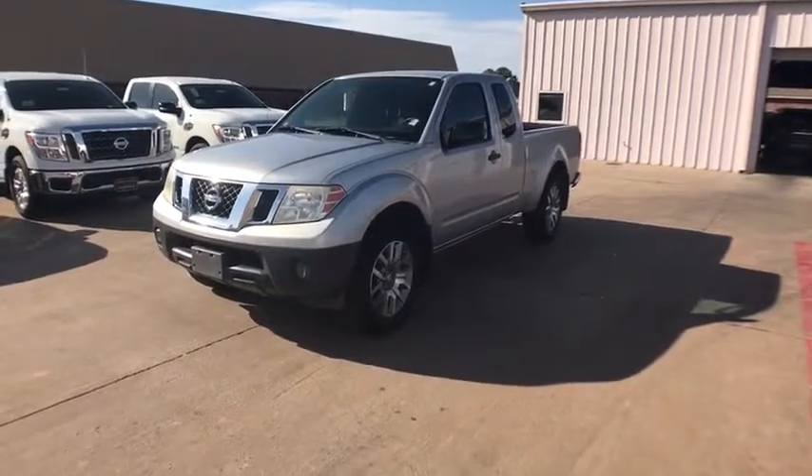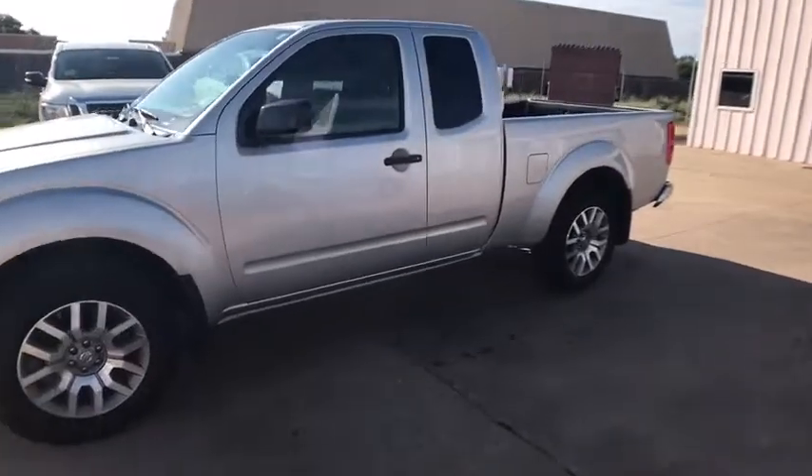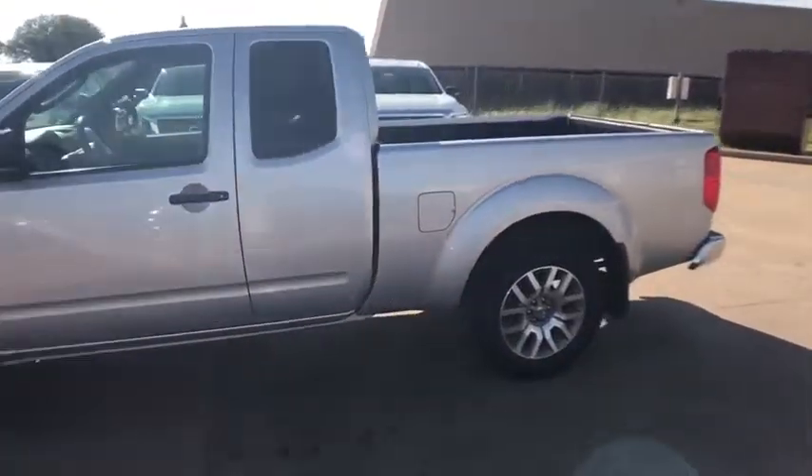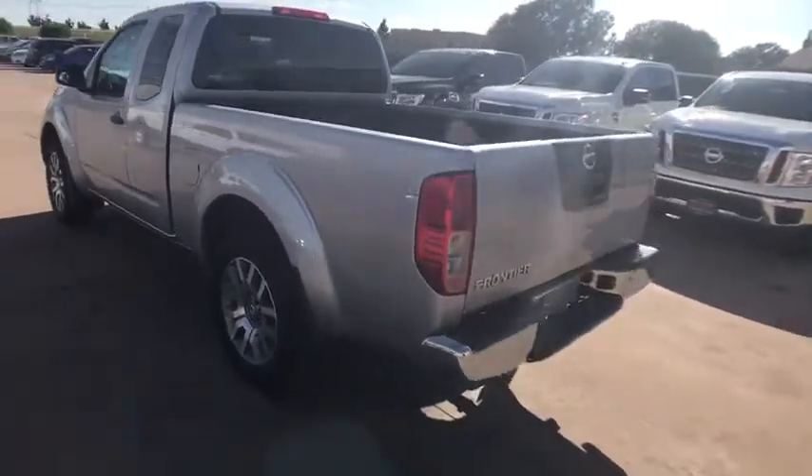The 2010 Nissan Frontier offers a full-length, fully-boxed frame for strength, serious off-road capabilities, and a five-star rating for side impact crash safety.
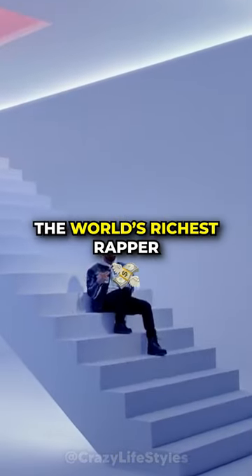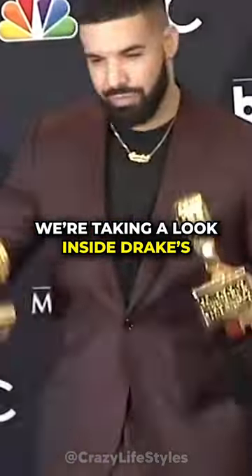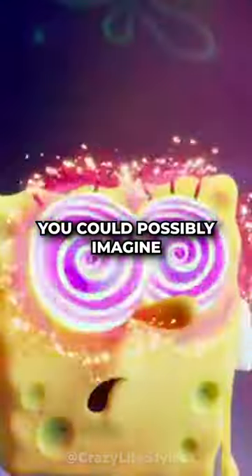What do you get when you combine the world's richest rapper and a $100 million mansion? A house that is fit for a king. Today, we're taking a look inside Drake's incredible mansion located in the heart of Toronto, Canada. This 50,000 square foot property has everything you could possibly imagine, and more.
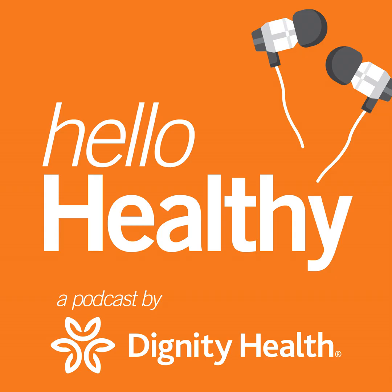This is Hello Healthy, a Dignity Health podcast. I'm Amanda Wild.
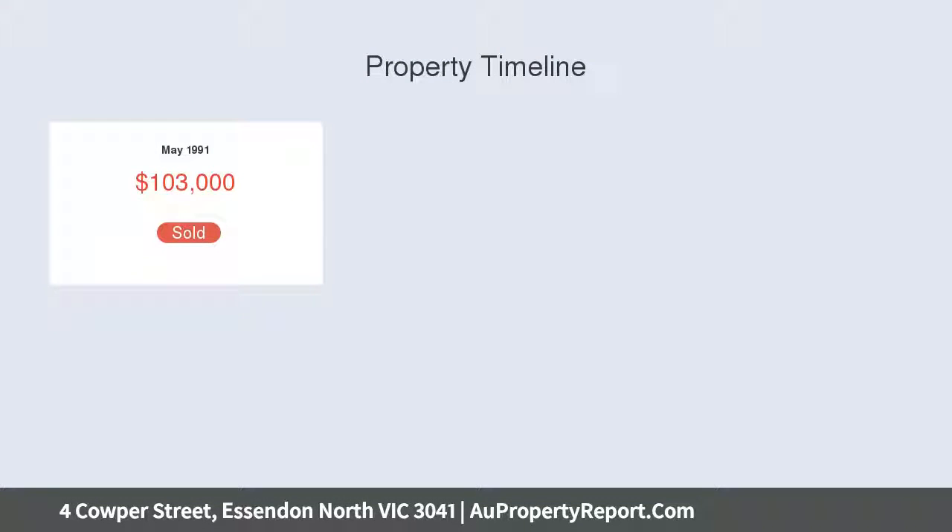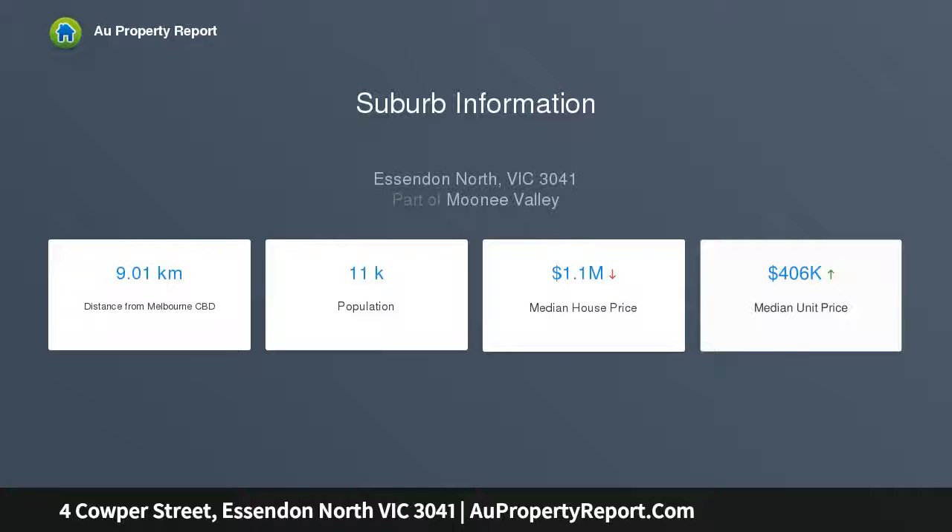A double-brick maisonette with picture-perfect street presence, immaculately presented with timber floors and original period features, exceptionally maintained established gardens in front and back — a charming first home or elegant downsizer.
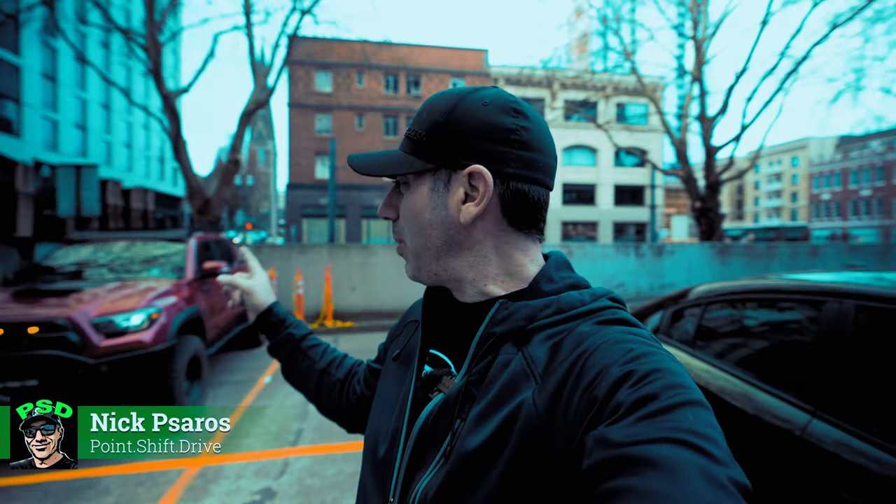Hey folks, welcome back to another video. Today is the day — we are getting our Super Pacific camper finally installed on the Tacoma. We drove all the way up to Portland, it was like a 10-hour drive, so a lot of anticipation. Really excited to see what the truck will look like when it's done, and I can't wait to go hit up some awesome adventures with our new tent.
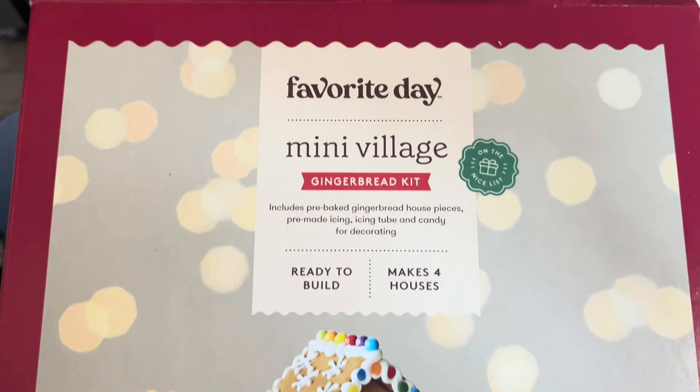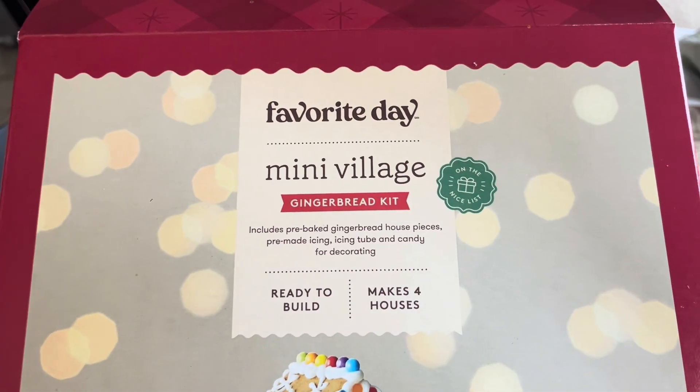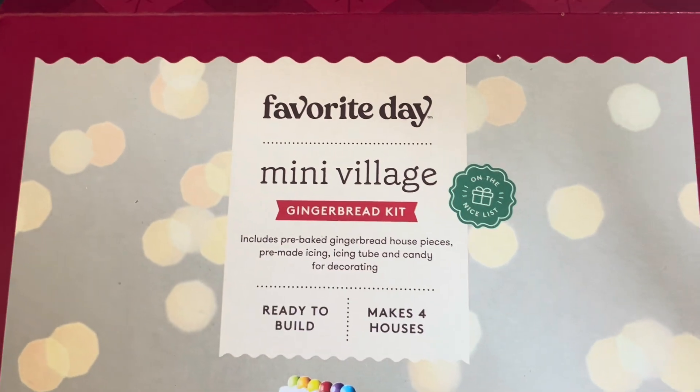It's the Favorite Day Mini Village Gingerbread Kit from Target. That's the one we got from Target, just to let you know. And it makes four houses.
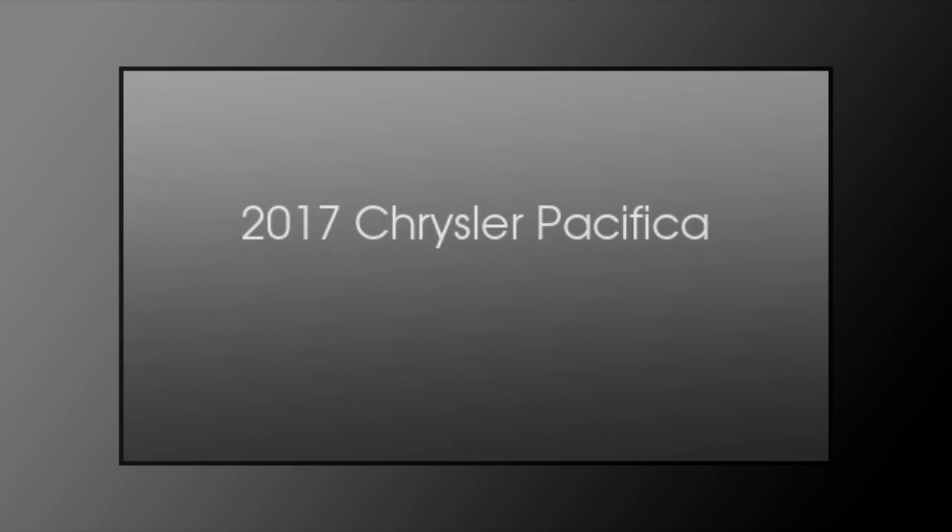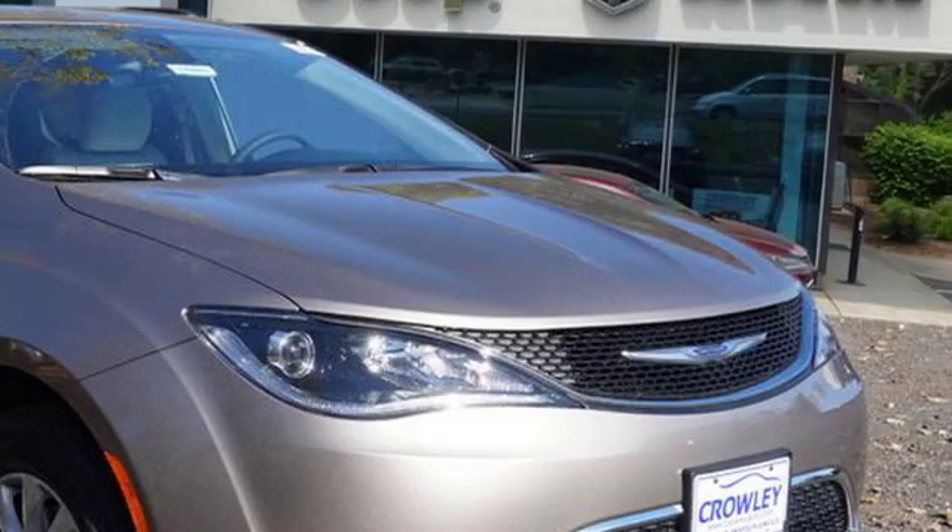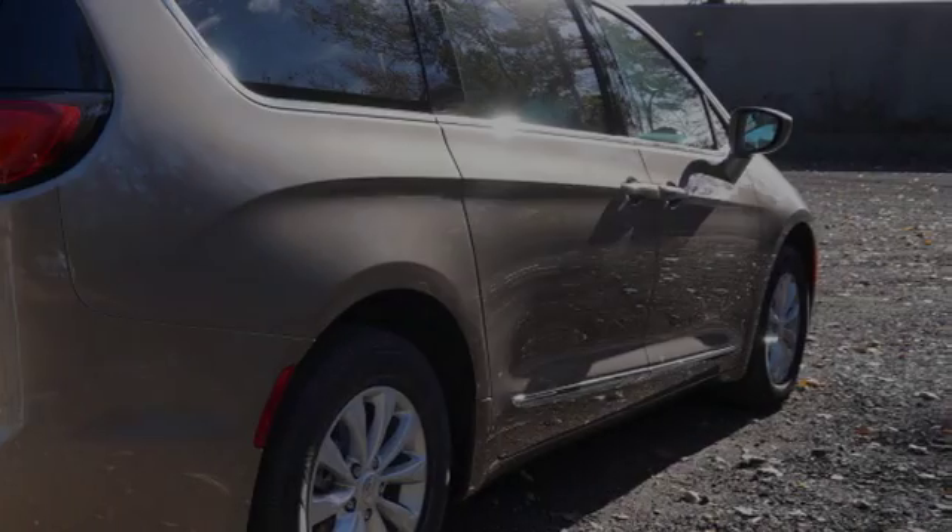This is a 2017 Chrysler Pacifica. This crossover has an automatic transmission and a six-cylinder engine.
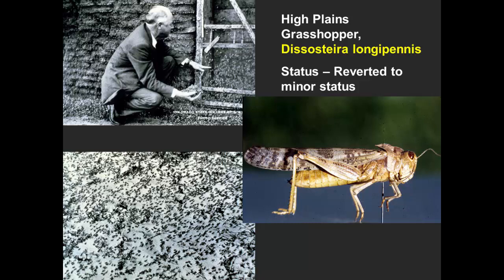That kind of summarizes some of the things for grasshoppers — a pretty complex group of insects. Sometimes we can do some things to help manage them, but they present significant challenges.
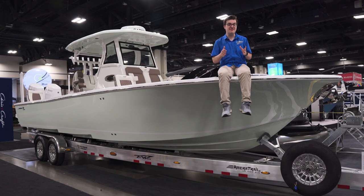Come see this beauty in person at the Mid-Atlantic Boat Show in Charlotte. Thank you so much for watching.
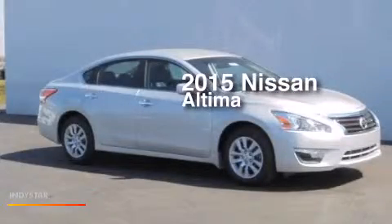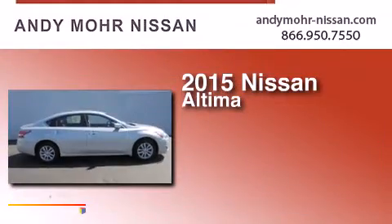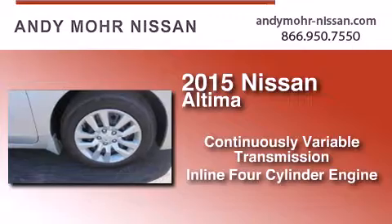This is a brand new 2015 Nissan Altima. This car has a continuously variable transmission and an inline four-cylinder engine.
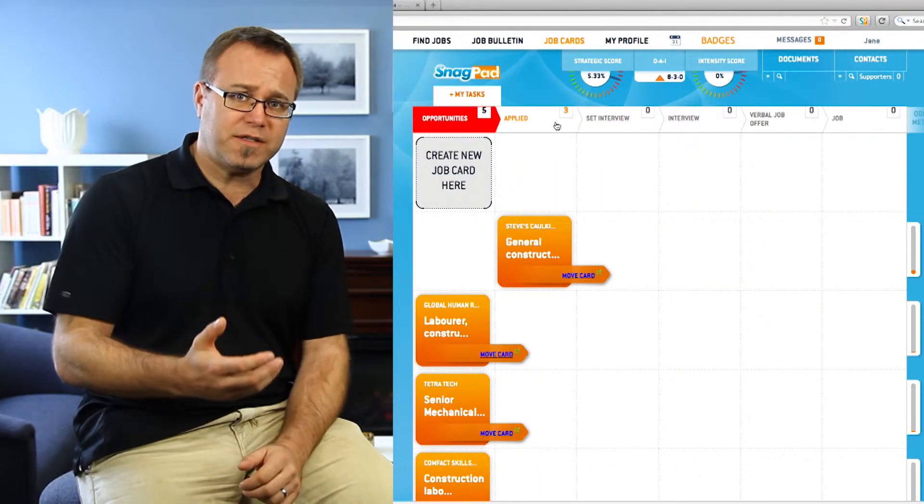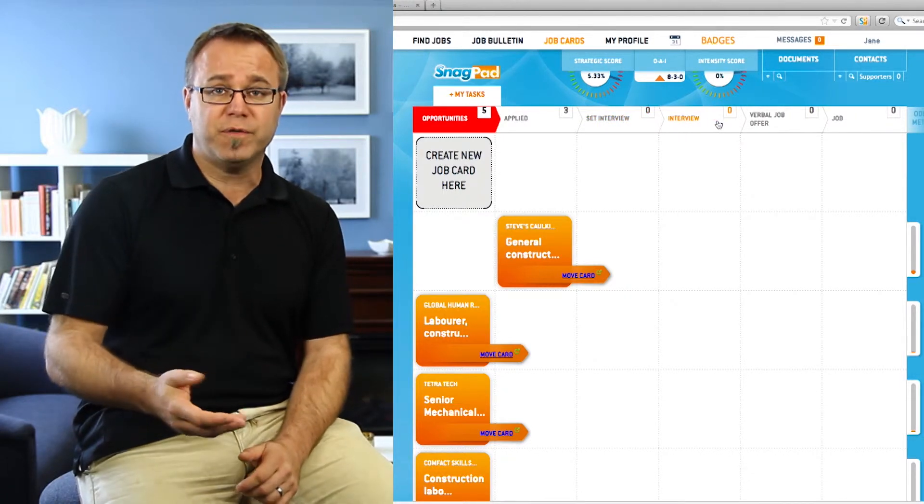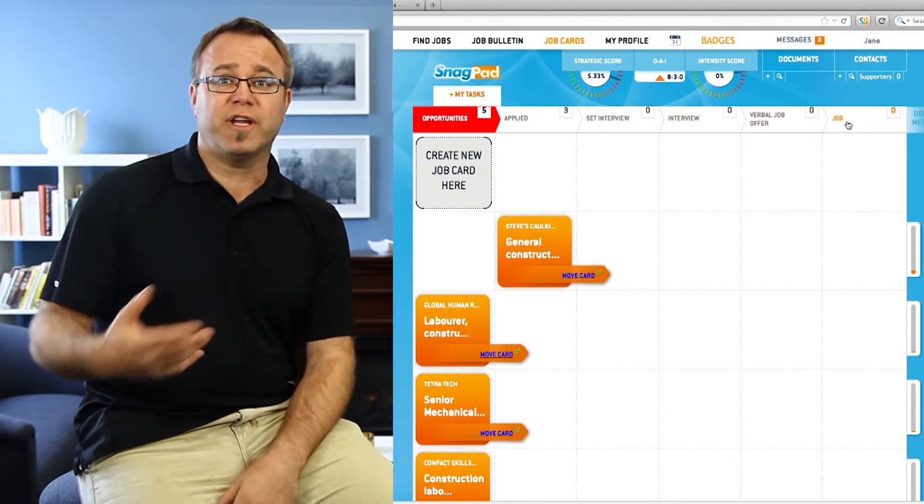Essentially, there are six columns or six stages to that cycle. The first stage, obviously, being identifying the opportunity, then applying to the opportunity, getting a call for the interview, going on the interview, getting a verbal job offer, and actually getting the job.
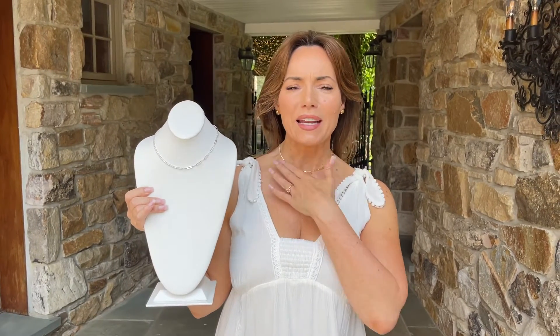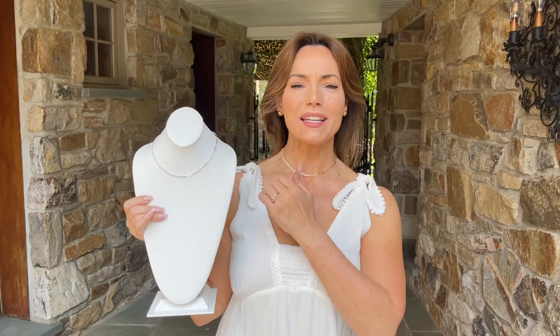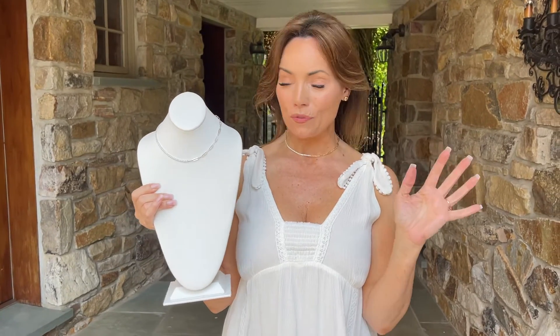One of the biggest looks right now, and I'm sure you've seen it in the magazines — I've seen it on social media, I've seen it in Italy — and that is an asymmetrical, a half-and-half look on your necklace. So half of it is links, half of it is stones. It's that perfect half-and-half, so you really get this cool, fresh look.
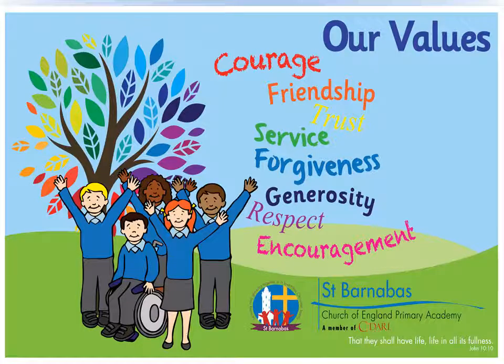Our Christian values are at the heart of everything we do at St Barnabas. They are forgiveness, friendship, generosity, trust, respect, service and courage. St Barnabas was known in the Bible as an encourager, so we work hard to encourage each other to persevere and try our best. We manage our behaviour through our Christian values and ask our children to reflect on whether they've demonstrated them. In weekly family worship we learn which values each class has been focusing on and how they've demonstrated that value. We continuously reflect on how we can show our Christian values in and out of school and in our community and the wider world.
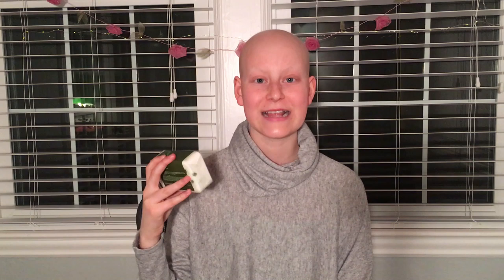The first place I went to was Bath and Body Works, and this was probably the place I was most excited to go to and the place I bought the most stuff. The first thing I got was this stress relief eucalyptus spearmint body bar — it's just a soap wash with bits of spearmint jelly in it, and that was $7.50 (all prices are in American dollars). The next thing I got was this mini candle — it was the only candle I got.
::::
Treating the line with "This is Hello" as the last line to include, retype the records exactly from their first line, excluding pictures.

The 2010 Nissan Frontier offers a full-length, fully-boxed frame for strength, serious off-road capabilities, and a five-star rating for side impact crash safety.
What do you get when you combine the world's richest rapper and a $100 million mansion? A house that is fit for a king. Today, we're taking a look inside Drake's incredible mansion located in the heart of Toronto, Canada. This 50,000 square foot property has everything you could possibly imagine, and more.
This is Hello Healthy, a Dignity Health podcast. I'm Amanda Wild.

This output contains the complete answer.